Showing posts with label Warwickshire Life column. Show all posts
Showing posts with label Warwickshire Life column. Show all posts

08 November 2012

Finding treasure close to home


“Give me the map.” – King Lear

Along with Her Majesty The Queen, Sebastian Coe, and Britain’s Olympic and Paralympic athletes, Shakespeare is having a great year. As the headlining act of the London 2012 “Cultural Olympiad”, Shakespeare’s life and works have featured in heavy rotation across a range of media (stage, screen, television, radio &etc). One of the most outstanding offerings of this landmark ‘Bardfest’ is a stunning exhibition at the British Museum mounted in collaboration with the RSC.
“Shakespeare: Staging the World” focuses on the playwright's world, both real and imagined. It takes us on a journey from medieval England and the forest of Arden, to Venice, Rome and finally to Prospero's magical isle.
Flying in the face of conspiracy theories, such as those espoused by the recent film “Anonymous”, the British Museum’s exhibition confirms William Shakespeare as the author of the greatest works of English literature, and posits Warwickshire firmly as the undisputed site of his inspiration and imagination.
Without doubt, Shakespeare’s Warwickshire origins were extremely important to him, and his works are steeped in references to local places, wisdom, tradition and folklore. His plays reveal a country dweller’s knowledge and appreciation of the romance and reality of rural life. This was delightfully realised in the exemplary British Museum show.
At the heart of the exhibition is the magnificent Sheldon Tapestry Map of Warwickshire. This map was one of a set of four tapestry maps made in the 1580s. They were commissioned by Ralph Sheldon (1537-1613) to hang in his new home at Weston in Warwickshire. The maps were made at the Sheldon tapestry works at Barcheston, Warwickshire. The tapestry works were set up by Ralph's father, William, with the aim of creating a tapestry-making industry in Britain by training locals to become weavers.
This extraordinary work of art – hand-woven in Warwickshire – is a pictorial record of the county in Elizabethan times, showing the River Avon, the Forest of Arden, the hills of Brailles and Burton Dassett, as well as fields, towns, villages and great houses of the gentry. It allowed me to see my world as Shakespeare saw it.
With delight, I surveyed the territory I call home, familiar to me even with archaic, 16th century spellings: Warwicke, Lemmington, Kenelmworth, Coventrie, Stretford, Wasbvrton, Welsborn, Charlcot and Sherborn. Although rendered as Bearfoote, my beloved Barford was indeniably present - immediately distinguishable by its lovely bridge crossing the Avon.
I was surprised to find that this precious artifact, previously unknown to me, is held in the collection of the Warwickshire Museum Service. It can usually be seen in all its glory at the Market Hall Museum in Warwick. As is often the case, it is only in traveling great distances that we are lead to discover and appreciate the rare treasures that lie close to home.
More information
                           “Shakespeare: Staging the World” - Continues until 25 November 2012                                                                                                                                                                                                                                                                                                                 www.britishmuseum.org

19 October 2012

Typing 'The End'


Received news recently that we're soon to have a new editor at Warwickshire Life magazine. Although I adore our current editor immensely, I understand that change is inevitable.
Nothing, however, could have prepared me for the news that the new editor wants to cut my monthly column.
So, I have just now today submitted my final column to Warwickshire Life.
I've been (relatively) okay about it all. But now, after pressing SEND, I am heartbroken.

Woe is me. - Hamlet

28 August 2011

Everything's coming up Roses


A rose by any other name would smell as sweet.” – Romeo & Juliet

If procrastination were an art form, my level of genius would rival Mozart. These days, my preferred method of whiling away an hour or two is that most serious, most wonderful, and most British form of procrastination of them all: Gardening.
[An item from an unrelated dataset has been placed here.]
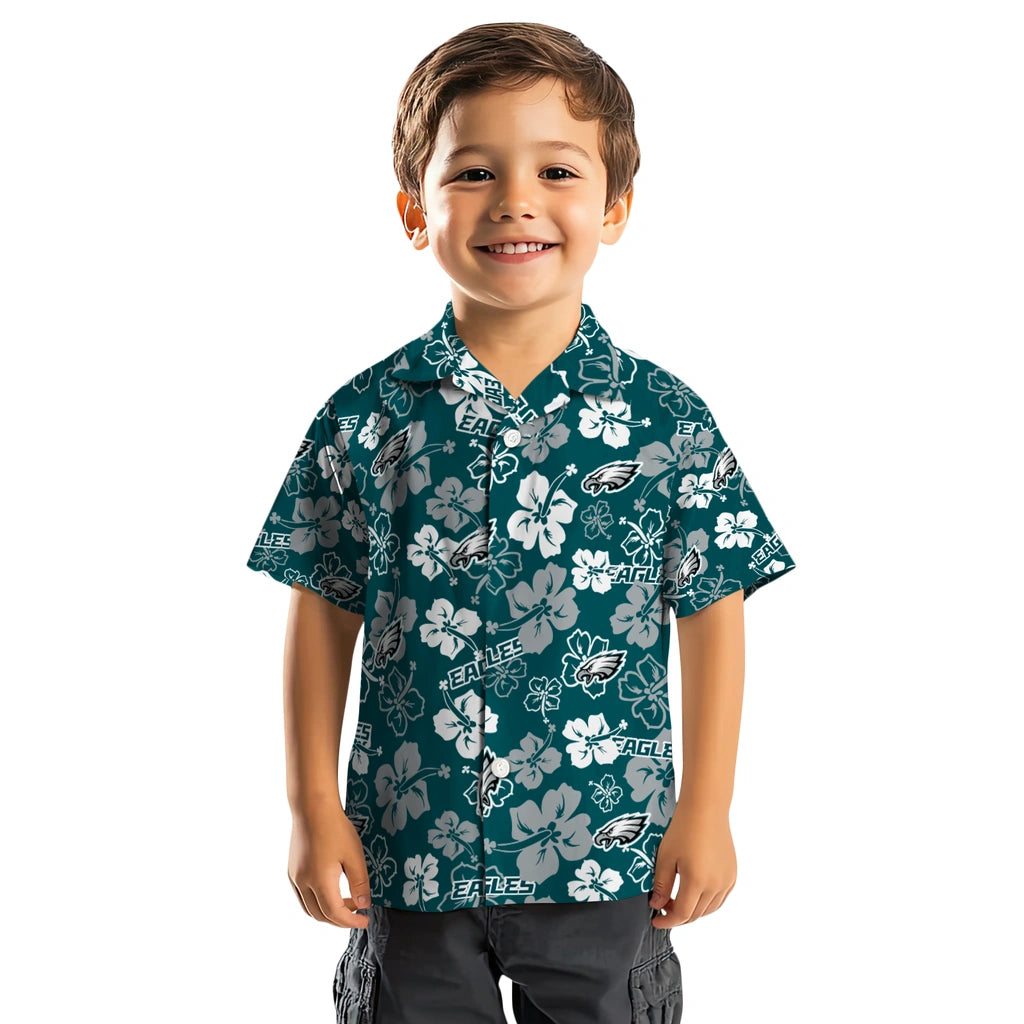 Philadelphia Eagles Hawaiian Shirt - Hibiscus Flower Design | Hula Hawaiian Shirts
Of course, pride of place in any English garden belongs irrefutably to the Rose. And, at the moment it seems I do very little else beyond fretting about my roses. With good reason – I am aiming to win a ribbon in this year’s Village Show Flower competition. I was too timid to enter last year, fearing that a novice such as myself would stand no chance in the fray. More fool me, as the blooms in last season’s yield were profuse and of such lovely quality they earned even the praise of my chum and rose expert, Paul Smith, at Charlecote Park.
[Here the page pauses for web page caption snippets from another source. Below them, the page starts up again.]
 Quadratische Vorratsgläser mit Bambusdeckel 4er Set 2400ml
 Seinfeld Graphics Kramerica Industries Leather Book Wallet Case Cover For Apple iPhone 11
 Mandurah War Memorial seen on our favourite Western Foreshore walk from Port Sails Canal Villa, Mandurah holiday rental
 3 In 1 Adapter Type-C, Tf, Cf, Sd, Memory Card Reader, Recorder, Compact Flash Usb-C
That lesson being learned, I ‘screwed my courage to the sticking place’, and was determined not to allow the floral opportunity to elude me twice. I tested the waters by entering an arrangement in this year’s W.I. Corsage Competition. The Corsage competition, though smaller in scale than the Village Show, is just as friendly and just as fierce. Perhaps, even a little more so as the coveted Barford W.I. Rose Bowl is at stake. The Rose Bowl remains in the possession of the winner for 12 months - a sterling reminder of the victor’s horticultural achievement. I yelped with glee when I was declared this year’s winner, feeling truly a champion amongst champions.
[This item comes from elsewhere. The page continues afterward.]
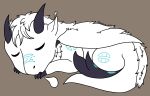  absurd_res chibi claws curled_up dragon feral fur fur_markings hi_res horn hunamarts male markings sleeping solo tail wings wings_folded 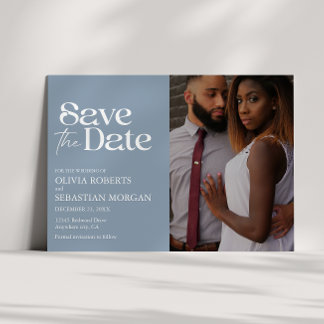 Modern Typography Dusty Blue Photo Wedding Save The Date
After such a remarkable success, I felt ready for an even bigger challenge: the Barford Village Show Flower, Fruit, and Vegetable Competition. I was ready, but what about the roses? To my utter dismay, the darling buds of May, June and July had all disappeared without a trace by early August. The prolific flourishes of last year, had given way to a meagre struggle for any colour at all.

I was beside myself, but not alone. Outside the Village Shop, I chanced upon my friend Kate, a stalwart of the annual Flower, Fruit and Veg competition. She and husband, Ian, were off to Scotland, she said. “But, you’ll miss the Village Show!” I gasped in disbelief. She looked forlorn, and replied sadly: “Nothing’s growing like it should.” I knew exactly how she felt. My own holiday plans (or lack of them) have been shaped and altered by many things, but I can honestly say, that roses have never been one of them. Until now.

Since ancient times, roses have enthralled poets and writers (there are at least seventy references to roses in Shakespeare’s works), as well as artists, monarchs, apothecaries, lovers, and, of course, gardeners. The queen of flowers and national emblem of England, roses are as temperamental as they are beautiful. When they are ‘happy’, all is right in the world, and they offer an abundance of flower and fragrance; when they are ‘discontented’ there seems no remedy, and their bare, yellowy, spiky and skeletal appearance seems a harbinger of impending doom. Without a doubt there are few joys more sublime than that of being the possessor and cultivator of a healthy, ‘happy’ rose.

Noting of the hazards of the invasive Wickwar rose (Rosa ‘Wickwar’), Sir Roy Strong once admonished gardeners to “Beware the Rose that will Engulf your Garden”, I think he may have gone one better, and offered would-be green-thumbers more apt advice: “Beware the Rose that will Engulf your Life”!